Contra Costa Supervisors presented $4.06 billion 2021-2022 budget
Speakers want Sheriff’s requested $7.5 million for inmate mental health services to go to Walnut Creek’s Miles Hall Foundation
By Daniel Borsuk
The Contra Costa County Board of Supervisors will probably act on a proposed $4.06 billion 2021-2022 budget at a May 4 meeting and will listen to another barrage of critics of Sheriff-Coroner David O. Livingston’s proposal that a portion of $54 million in federal Coronavirus Aid, Relief and Economic Security Act (CARES) funds be diverted to an outside nonprofit mental health organization.
Contra Costa County’s proposed 2021-2022 budget surpasses the current fiscal year budget of $3.98 billion and includes $7.5 million designated for the staffing of additional sheriff deputies assigned to protect inmates requiring mental health services.
A contingent of speakers opposing Sheriff-Coroner Livingston’s request for the additional funds for inmate mental health services, argued instead for all or a portion of the $7.5 million be awarded to the Walnut Creek-based Miles Hall Foundation. The newly established Miles Hall Foundation is named after the Las Lomas High School graduate who was slain by a Walnut Creek police officer in June 2019 while Hall was undergoing a mental health episode.
Lois Thomas of Lafayette was one of the speakers supporting the detouring some or all the $54.2 million in federal Coronavirus Aid, Relief and Economic Security Act (CARES Act) funding designated to the Sheriff-Coroner to the non-profit Miles Hall Foundation. “Keep deputies out of mental health, “Thomas demanded.

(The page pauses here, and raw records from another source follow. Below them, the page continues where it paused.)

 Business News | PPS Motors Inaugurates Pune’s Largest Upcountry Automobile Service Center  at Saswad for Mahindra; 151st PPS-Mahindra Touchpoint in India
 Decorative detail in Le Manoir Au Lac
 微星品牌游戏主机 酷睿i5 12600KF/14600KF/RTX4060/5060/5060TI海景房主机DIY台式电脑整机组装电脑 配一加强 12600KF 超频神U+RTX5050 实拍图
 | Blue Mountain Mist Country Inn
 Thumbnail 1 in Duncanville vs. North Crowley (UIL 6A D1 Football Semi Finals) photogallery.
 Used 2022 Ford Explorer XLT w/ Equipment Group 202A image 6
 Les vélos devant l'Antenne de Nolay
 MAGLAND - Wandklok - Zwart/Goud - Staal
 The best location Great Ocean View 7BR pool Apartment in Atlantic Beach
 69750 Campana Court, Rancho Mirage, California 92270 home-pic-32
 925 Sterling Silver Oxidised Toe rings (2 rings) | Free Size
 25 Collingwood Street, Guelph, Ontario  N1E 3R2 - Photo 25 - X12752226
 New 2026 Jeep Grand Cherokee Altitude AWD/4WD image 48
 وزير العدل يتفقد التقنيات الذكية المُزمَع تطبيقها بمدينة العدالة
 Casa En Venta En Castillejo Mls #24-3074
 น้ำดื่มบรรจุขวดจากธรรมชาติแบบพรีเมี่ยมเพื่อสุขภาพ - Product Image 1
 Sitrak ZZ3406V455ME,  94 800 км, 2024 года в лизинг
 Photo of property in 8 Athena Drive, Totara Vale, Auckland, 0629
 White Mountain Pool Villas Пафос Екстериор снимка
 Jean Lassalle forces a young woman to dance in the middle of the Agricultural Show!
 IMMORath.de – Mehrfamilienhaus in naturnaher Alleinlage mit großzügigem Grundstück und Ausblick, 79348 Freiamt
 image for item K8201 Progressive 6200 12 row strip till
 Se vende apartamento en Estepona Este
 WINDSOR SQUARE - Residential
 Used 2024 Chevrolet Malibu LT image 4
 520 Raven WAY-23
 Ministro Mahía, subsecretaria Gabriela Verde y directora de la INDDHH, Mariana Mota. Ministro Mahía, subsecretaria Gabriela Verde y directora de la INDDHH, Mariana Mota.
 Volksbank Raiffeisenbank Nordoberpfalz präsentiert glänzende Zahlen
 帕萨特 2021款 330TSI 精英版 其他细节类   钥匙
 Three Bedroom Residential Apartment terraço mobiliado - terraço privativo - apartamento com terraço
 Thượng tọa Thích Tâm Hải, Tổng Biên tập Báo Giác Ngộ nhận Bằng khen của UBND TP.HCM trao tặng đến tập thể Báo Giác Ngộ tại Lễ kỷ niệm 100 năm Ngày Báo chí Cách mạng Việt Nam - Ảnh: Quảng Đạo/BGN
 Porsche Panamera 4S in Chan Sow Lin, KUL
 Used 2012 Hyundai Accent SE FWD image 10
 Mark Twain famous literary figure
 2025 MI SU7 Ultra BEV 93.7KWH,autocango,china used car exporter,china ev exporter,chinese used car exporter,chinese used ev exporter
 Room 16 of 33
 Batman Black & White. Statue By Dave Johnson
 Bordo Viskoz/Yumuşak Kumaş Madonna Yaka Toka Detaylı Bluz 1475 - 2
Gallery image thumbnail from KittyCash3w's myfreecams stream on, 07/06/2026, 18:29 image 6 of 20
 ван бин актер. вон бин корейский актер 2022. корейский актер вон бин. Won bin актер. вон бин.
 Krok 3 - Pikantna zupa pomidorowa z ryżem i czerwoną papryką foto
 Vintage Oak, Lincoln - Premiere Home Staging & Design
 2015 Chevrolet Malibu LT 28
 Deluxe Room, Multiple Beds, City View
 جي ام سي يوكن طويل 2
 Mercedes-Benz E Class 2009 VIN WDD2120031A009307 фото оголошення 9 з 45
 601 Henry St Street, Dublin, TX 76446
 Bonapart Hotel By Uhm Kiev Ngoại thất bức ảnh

Sheriff Livingston said the additional funding to hire 10 new deputy sheriffs arises at a time the county has a new contract with the Prison Law Office to provide improved acute mental health care while behind bars.
Even though the jails have an average daily population of 785 inmates, Sheriff Livingston said, “We have had a 43 percent decrease of inmates in our jail (about 14,000 inmates) due to COVID-19.”
County Administrator Nino prepared a chart that showed the Coroner-Sheriff’s Office, and the Contra Costa County Health Services are in line to receive over half of the county-produced general-purpose funds with health services picking up 30.5 percent of the general-purpose revenue at $162.5 million while the Coroner-Sheriff collects 19.8 percent, or $104.7 million.
Supervisors were told funds from the November voter approved Measure X sales tax increase will not begin to arrive until next fall. The county has yet to hire tax auditors. “Measure X funding is not anticipated to be received until October 2021 for the first quarter of collections starting April 2021,” Nino wrote in her budget statement. “The amount of Measure X included in the recommended budget totals $600,000 for the new Department of Racial Equity and Social Justice and $65,000 for the sales tax auditors.”
Expenses the county will need to round up funding for the upcoming 2021-2022 fiscal year is $600,000 for the operation of the Office of Racial Equity and Social Justice, $300,000 for redistricting and $15.3 million for a new finance computer system.
With ongoing efforts to vaccinate every age-eligible county resident with the COVID-19 vaccine, Contra Costa County Health Department Director Anna Roth said one of the biggest hurdles next fiscal year will be the county’s negotiations with the California Nurses Association. The CNA represents 812 county nurses, and the contract is set to expire on Sept. 30.
The health services are the county’s most expensive department to operate with general purpose funds at $162.5 million or 30.5 percent of overall general fund disbursements.
As for the five elected board of supervisors, the proposed budget designates $7.7 million or 1.4 percent of overall general-purpose funds to cover the salaries and expenses of themselves and support staff.
Board vice chair Federal Glover of Pittsburg said during the budget presentations one item that was missing was further analysis on the potential reuse of the Marsh Creek Detention Facility and “more discussion on the future of the Orin Allen Rehabilitation Center near Discovery Bay and juvenile hall in Martinez.”
Glover’s supervisorial colleagues and County Administrator Nino acknowledged the supervisor’s request that there will be discussion about the fate of the detention facility and juvenile hall.